─── DATA FOR ANALYSIS ───

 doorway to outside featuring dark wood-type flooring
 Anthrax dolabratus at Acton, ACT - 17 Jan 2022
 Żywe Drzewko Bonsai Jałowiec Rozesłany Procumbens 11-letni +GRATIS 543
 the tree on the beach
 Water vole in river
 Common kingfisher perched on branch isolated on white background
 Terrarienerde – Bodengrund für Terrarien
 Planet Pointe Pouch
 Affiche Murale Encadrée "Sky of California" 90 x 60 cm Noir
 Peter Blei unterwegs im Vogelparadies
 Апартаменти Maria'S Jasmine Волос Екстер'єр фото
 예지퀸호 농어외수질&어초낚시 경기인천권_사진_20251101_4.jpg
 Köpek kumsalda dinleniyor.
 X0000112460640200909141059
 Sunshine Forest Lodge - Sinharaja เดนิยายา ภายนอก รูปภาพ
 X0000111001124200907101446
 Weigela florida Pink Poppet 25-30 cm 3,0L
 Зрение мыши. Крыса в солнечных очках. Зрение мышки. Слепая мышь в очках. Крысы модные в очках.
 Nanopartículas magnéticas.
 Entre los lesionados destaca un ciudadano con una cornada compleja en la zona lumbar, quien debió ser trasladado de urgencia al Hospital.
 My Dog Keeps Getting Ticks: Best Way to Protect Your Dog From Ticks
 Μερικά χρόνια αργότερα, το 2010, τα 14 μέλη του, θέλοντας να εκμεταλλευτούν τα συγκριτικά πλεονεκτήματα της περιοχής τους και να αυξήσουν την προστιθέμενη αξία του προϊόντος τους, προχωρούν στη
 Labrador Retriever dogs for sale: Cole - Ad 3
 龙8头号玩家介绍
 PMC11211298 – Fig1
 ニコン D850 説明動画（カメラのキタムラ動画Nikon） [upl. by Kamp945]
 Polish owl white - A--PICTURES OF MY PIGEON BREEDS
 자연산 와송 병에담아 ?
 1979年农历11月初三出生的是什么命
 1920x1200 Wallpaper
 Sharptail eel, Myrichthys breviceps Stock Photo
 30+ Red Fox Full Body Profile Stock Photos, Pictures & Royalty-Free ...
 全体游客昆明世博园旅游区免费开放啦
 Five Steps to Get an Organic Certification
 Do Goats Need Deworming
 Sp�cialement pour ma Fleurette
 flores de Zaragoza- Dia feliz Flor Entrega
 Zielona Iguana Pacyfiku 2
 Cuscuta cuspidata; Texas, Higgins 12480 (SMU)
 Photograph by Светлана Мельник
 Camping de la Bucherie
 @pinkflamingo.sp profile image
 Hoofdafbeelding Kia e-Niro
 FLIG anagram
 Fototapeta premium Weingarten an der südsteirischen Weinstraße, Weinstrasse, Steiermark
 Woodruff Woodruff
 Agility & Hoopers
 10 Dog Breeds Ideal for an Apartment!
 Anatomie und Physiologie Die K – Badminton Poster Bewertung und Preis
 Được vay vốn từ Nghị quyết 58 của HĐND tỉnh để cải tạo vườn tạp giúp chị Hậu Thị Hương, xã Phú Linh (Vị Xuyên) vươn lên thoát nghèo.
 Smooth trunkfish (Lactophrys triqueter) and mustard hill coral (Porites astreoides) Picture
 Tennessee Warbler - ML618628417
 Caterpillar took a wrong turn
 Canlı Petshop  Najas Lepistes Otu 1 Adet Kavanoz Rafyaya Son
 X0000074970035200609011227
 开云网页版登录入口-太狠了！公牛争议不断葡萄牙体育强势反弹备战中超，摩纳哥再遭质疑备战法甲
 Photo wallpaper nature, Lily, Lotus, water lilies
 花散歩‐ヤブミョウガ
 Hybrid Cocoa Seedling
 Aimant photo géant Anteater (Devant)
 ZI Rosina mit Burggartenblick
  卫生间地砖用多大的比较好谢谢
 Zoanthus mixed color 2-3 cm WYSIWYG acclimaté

───

#### INSTRUCTIONS FOR THE TASK
For every line of the listing, produce an identical copy.

#### TASK ANSWER
 doorway to outside featuring dark wood-type flooring
 Anthrax dolabratus at Acton, ACT - 17 Jan 2022
 Żywe Drzewko Bonsai Jałowiec Rozesłany Procumbens 11-letni +GRATIS 543
 the tree on the beach
 Water vole in river
 Common kingfisher perched on branch isolated on white background
 Terrarienerde – Bodengrund für Terrarien
 Planet Pointe Pouch
 Affiche Murale Encadrée "Sky of California" 90 x 60 cm Noir
 Peter Blei unterwegs im Vogelparadies
 Апартаменти Maria'S Jasmine Волос Екстер'єр фото
 예지퀸호 농어외수질&어초낚시 경기인천권_사진_20251101_4.jpg
 Köpek kumsalda dinleniyor.
 X0000112460640200909141059
 Sunshine Forest Lodge - Sinharaja เดนิยายา ภายนอก รูปภาพ
 X0000111001124200907101446
 Weigela florida Pink Poppet 25-30 cm 3,0L
 Зрение мыши. Крыса в солнечных очках. Зрение мышки. Слепая мышь в очках. Крысы модные в очках.
 Nanopartículas magnéticas.
 Entre los lesionados destaca un ciudadano con una cornada compleja en la zona lumbar, quien debió ser trasladado de urgencia al Hospital.
 My Dog Keeps Getting Ticks: Best Way to Protect Your Dog From Ticks
 Μερικά χρόνια αργότερα, το 2010, τα 14 μέλη του, θέλοντας να εκμεταλλευτούν τα συγκριτικά πλεονεκτήματα της περιοχής τους και να αυξήσουν την προστιθέμενη αξία του προϊόντος τους, προχωρούν στη
 Labrador Retriever dogs for sale: Cole - Ad 3
 龙8头号玩家介绍
 PMC11211298 – Fig1
 ニコン D850 説明動画（カメラのキタムラ動画Nikon） [upl. by Kamp945]
 Polish owl white - A--PICTURES OF MY PIGEON BREEDS
 자연산 와송 병에담아 ?
 1979年农历11月初三出生的是什么命
 1920x1200 Wallpaper
 Sharptail eel, Myrichthys breviceps Stock Photo
 30+ Red Fox Full Body Profile Stock Photos, Pictures & Royalty-Free ...
 全体游客昆明世博园旅游区免费开放啦
 Five Steps to Get an Organic Certification
 Do Goats Need Deworming
 Sp�cialement pour ma Fleurette
 flores de Zaragoza- Dia feliz Flor Entrega
 Zielona Iguana Pacyfiku 2
 Cuscuta cuspidata; Texas, Higgins 12480 (SMU)
 Photograph by Светлана Мельник
 Camping de la Bucherie
 @pinkflamingo.sp profile image
 Hoofdafbeelding Kia e-Niro
 FLIG anagram
 Fototapeta premium Weingarten an der südsteirischen Weinstraße, Weinstrasse, Steiermark
 Woodruff Woodruff
 Agility & Hoopers
 10 Dog Breeds Ideal for an Apartment!
 Anatomie und Physiologie Die K – Badminton Poster Bewertung und Preis
 Được vay vốn từ Nghị quyết 58 của HĐND tỉnh để cải tạo vườn tạp giúp chị Hậu Thị Hương, xã Phú Linh (Vị Xuyên) vươn lên thoát nghèo.
 Smooth trunkfish (Lactophrys triqueter) and mustard hill coral (Porites astreoides) Picture
 Tennessee Warbler - ML618628417
 Caterpillar took a wrong turn
 Canlı Petshop  Najas Lepistes Otu 1 Adet Kavanoz Rafyaya Son
 X0000074970035200609011227
 开云网页版登录入口-太狠了！公牛争议不断葡萄牙体育强势反弹备战中超，摩纳哥再遭质疑备战法甲
 Photo wallpaper nature, Lily, Lotus, water lilies
 花散歩‐ヤブミョウガ
 Hybrid Cocoa Seedling
 Aimant photo géant Anteater (Devant)
 ZI Rosina mit Burggartenblick
  卫生间地砖用多大的比较好谢谢
 Zoanthus mixed color 2-3 cm WYSIWYG acclimaté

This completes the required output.